Death toll in Philippines tops 70 after tropical storm landfall
Dangerous conditions such as mudslides and flood waters submerged communities and swept families away from their homes.
A powerful tropical storm hit the Philippines Friday, bringing devastating landslides and flooding that has left at least 98 dead on the islands as of Monday morning.
The storm, named Nalgae, began to trigger heavy rains in the southern Philippines Thursday, according to the state weather service, hitting mainly rural areas on Mindanao island. The next day brought the main impacts, affecting the Philippines' main island of Luzon.

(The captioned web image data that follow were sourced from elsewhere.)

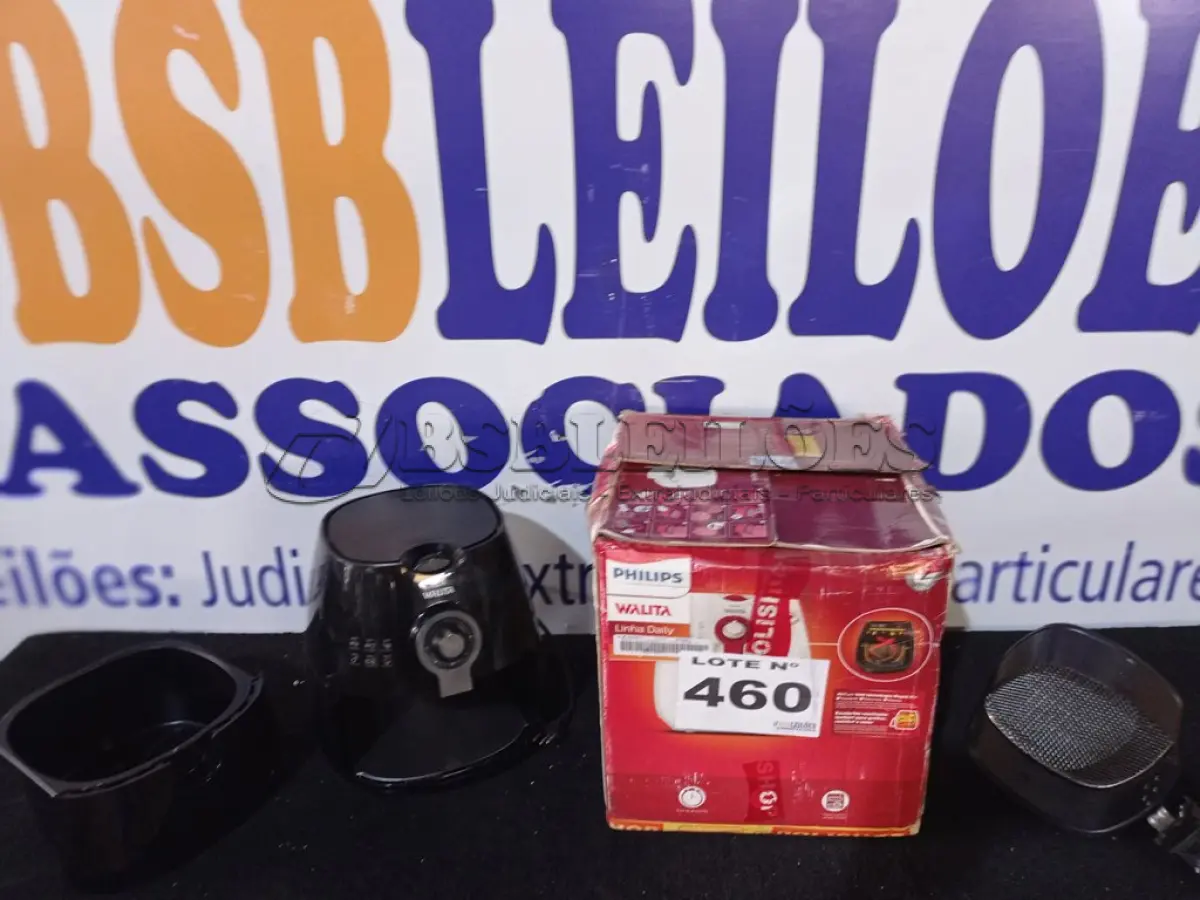 LOTE 460 - 01 - FRITADEIRA ELÉTRICA SEM ÓLEO/AIR FRYER WALITA - PHILIPS DAILY RI9217/72 BLACK EDITION PRETA (NO ESTADO, NÃO SABEMOS SE FUNCIONA. LEILÃO NÃO TEM GARANTIA E NEM DEVOLUÇÃO, SUJEITO A POSSÍVEIS AVARIAS VISÍVEIS/OCULTAS E/OU AUSÊNCIA DE COMPONENTES)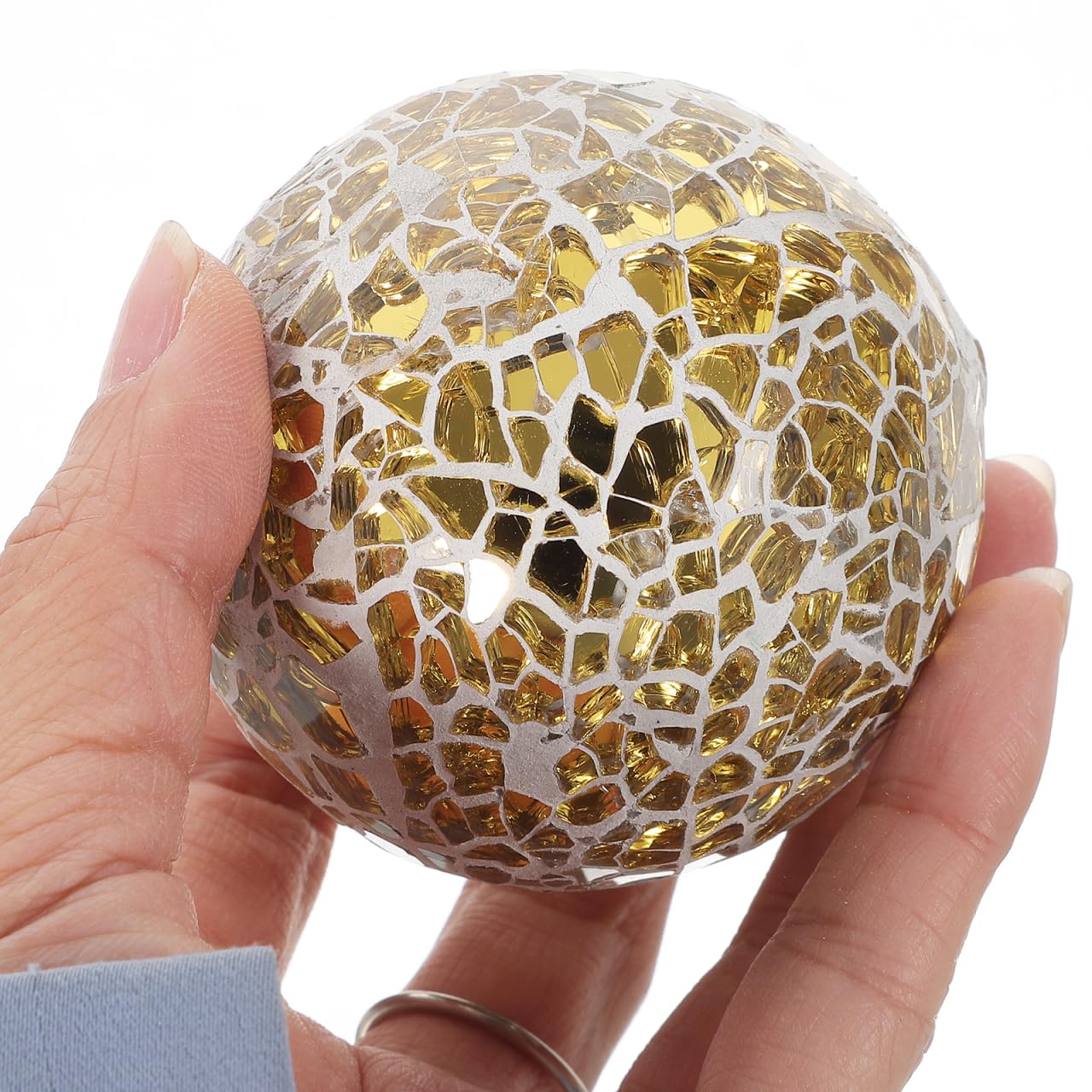 Amosfun 4Pcs Mosaic Glass Balls 3.1 Inch Decorative Orbs for Bowls Table Vases Home Decor Accents Silver and Gold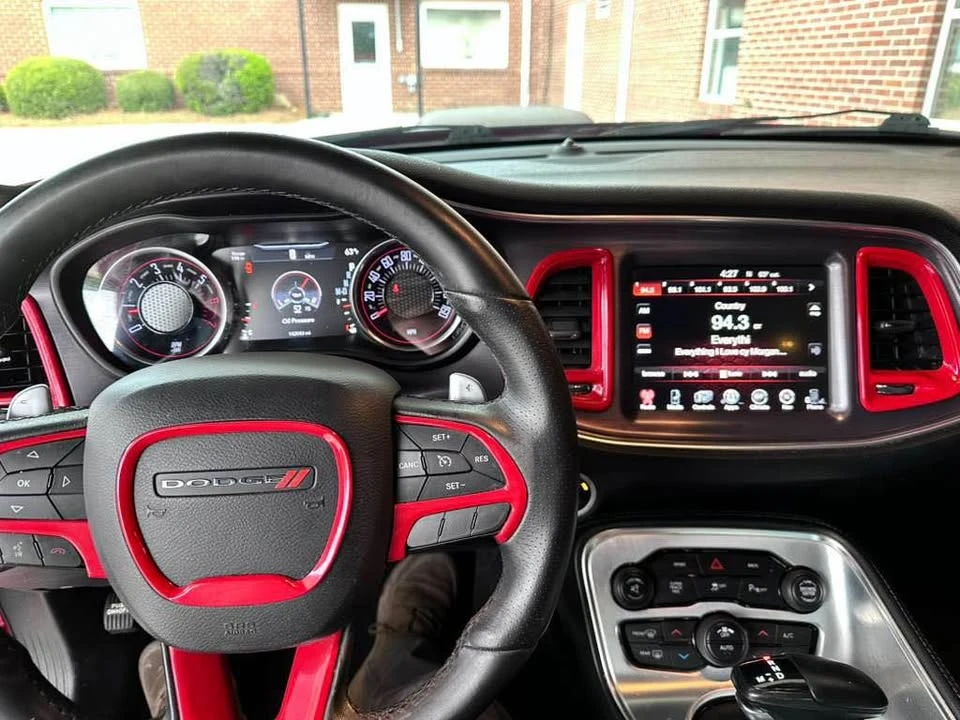 2016 Dodge Challenger 3rd Gen - Image 9 of 11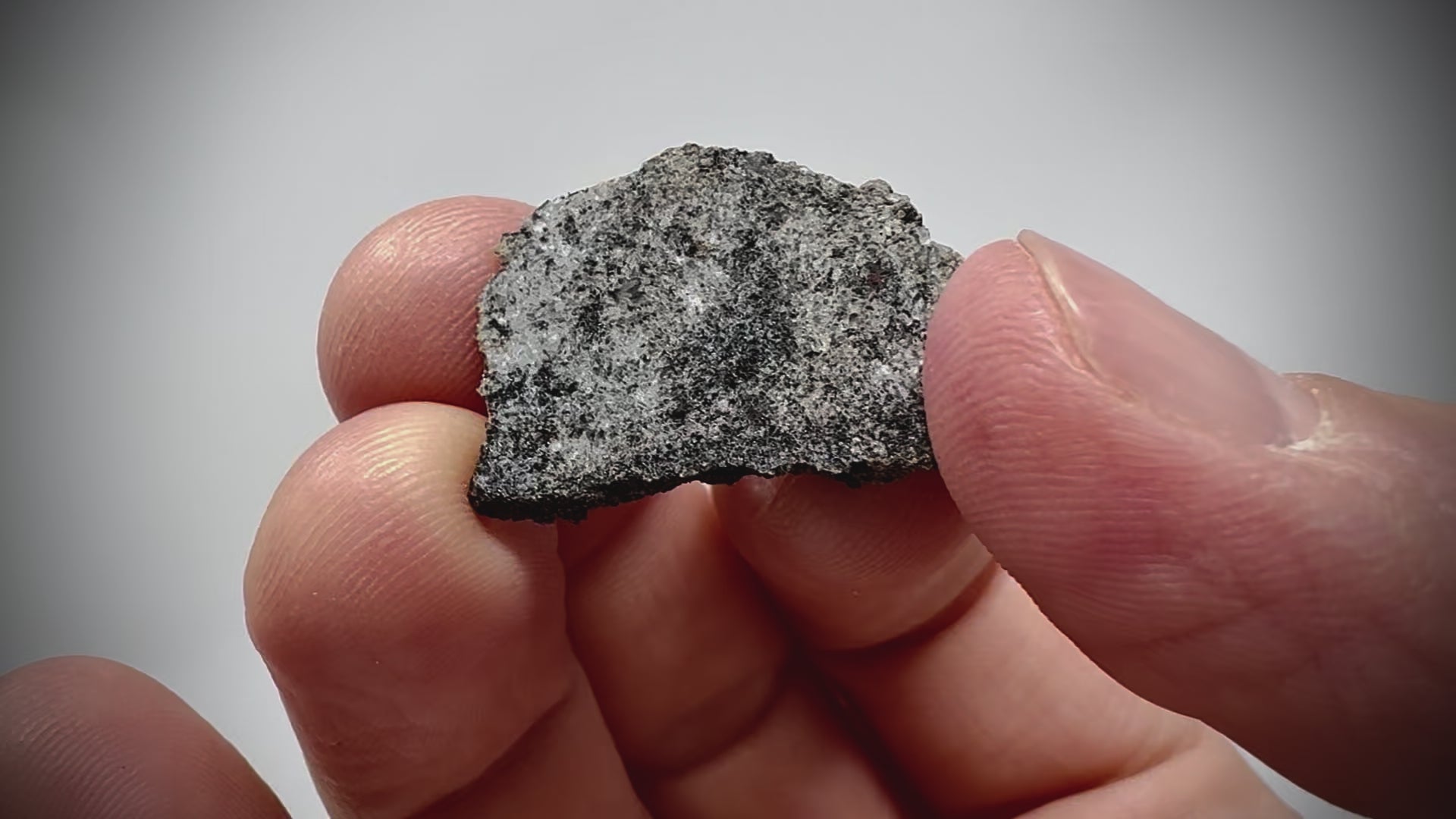 Ksar Ghilane 022 Ungrouped Achondrite - 2.2g - Possible Planetary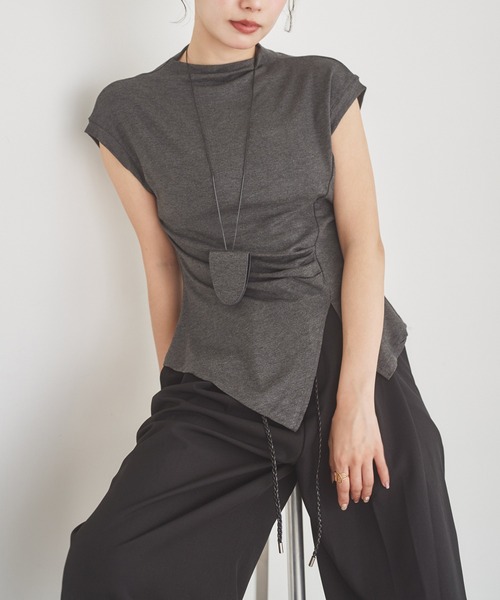 LAULEN（ローレン）の「key necklace set off neck slit tops /ネックレス付きオフネックスリットトップス（Tシャツ/カットソー・レディース・チャコールグレー/ブラウン/アイボリー/ブラック/ワインレッド・FREE）」の7枚目の写真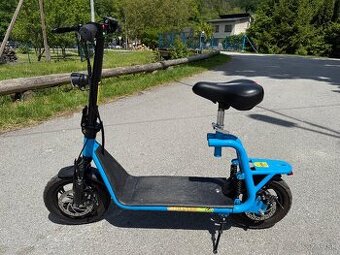 Detska elektro kolobezka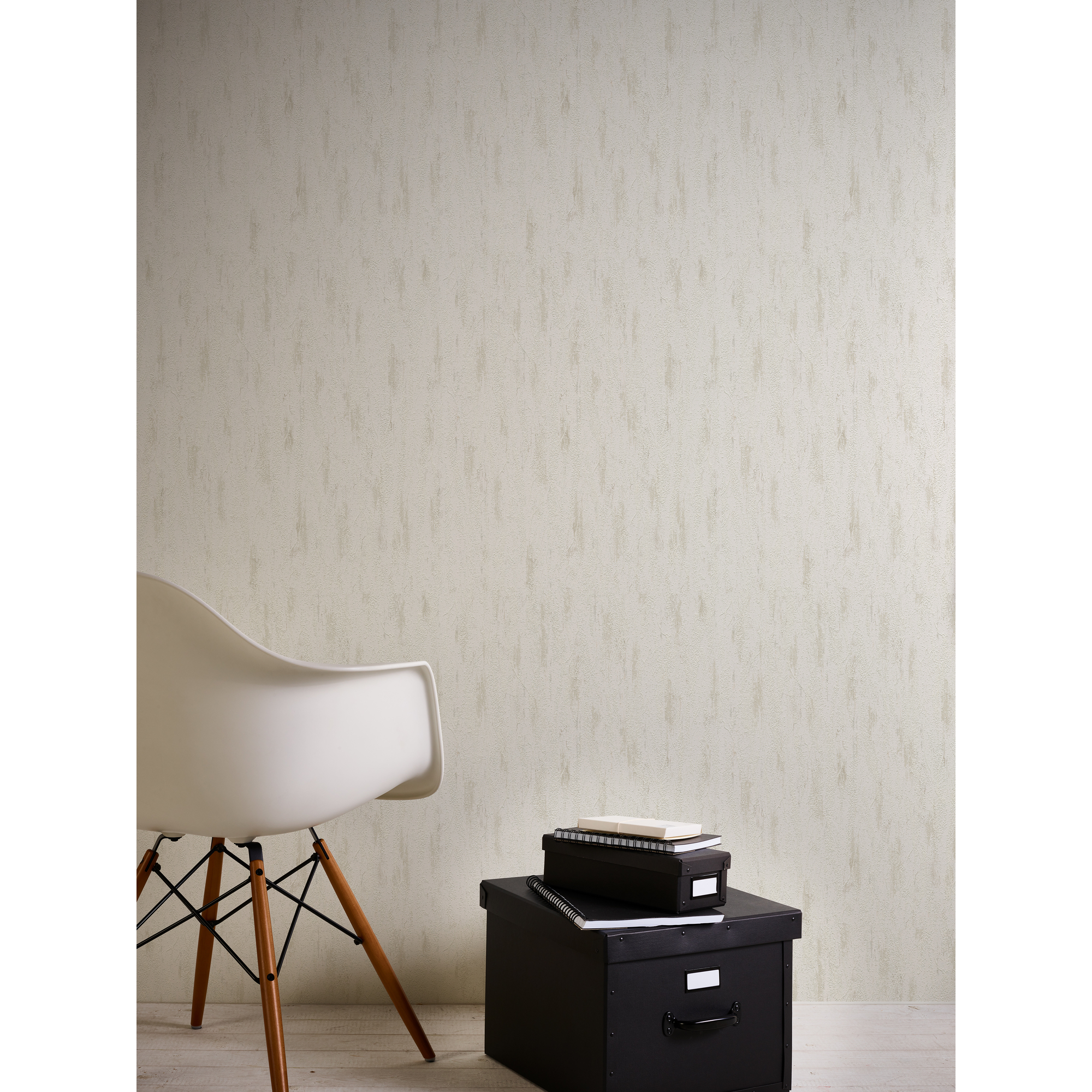 Beige Vliestapete an der Wand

Flood waters submerged homes in Pigcawayan, Philippines, after Tropical Storm Nalgae hit on Friday, Oct. 28. (Photo via Jameel Chio/ESN/AFP)
The maximum wind speed when Nalgae hit Luzon was 95 miles per hour before the storm made landfall on Catanduanes island. Landslides and flooding dispersed families from their homes due to fast-moving flood waters that carried along significant amounts of debris.
According to the nation's disaster agency, the death toll as of Monday morning was 96, with at least 63 people still missing. Nearly 50 of the deaths from the storm occurred in the community of Kusiong, which was buried by mudslides.
The Chief Minister of the Bangsamoro region of the Philippines, Ahod Ebrahim, placed the region under a state of calamity on Saturday following massive flooding.
As of Monday morning, local time, Nalgae was over 340 miles west-northwest of the capital city Manila and is moving north-northwestward away from the country.
Streets were submerged by floods caused by Tropical Storm Nalgae in the Philippines on Oct. 28. (Photo via AFP)
The Philippines coast guard suspended ferry service throughout most of the islands.
The Philippines is no stranger to deadly storms, as the islands are hit by an average of 20 major storms each year that lead to perpetual poverty for many.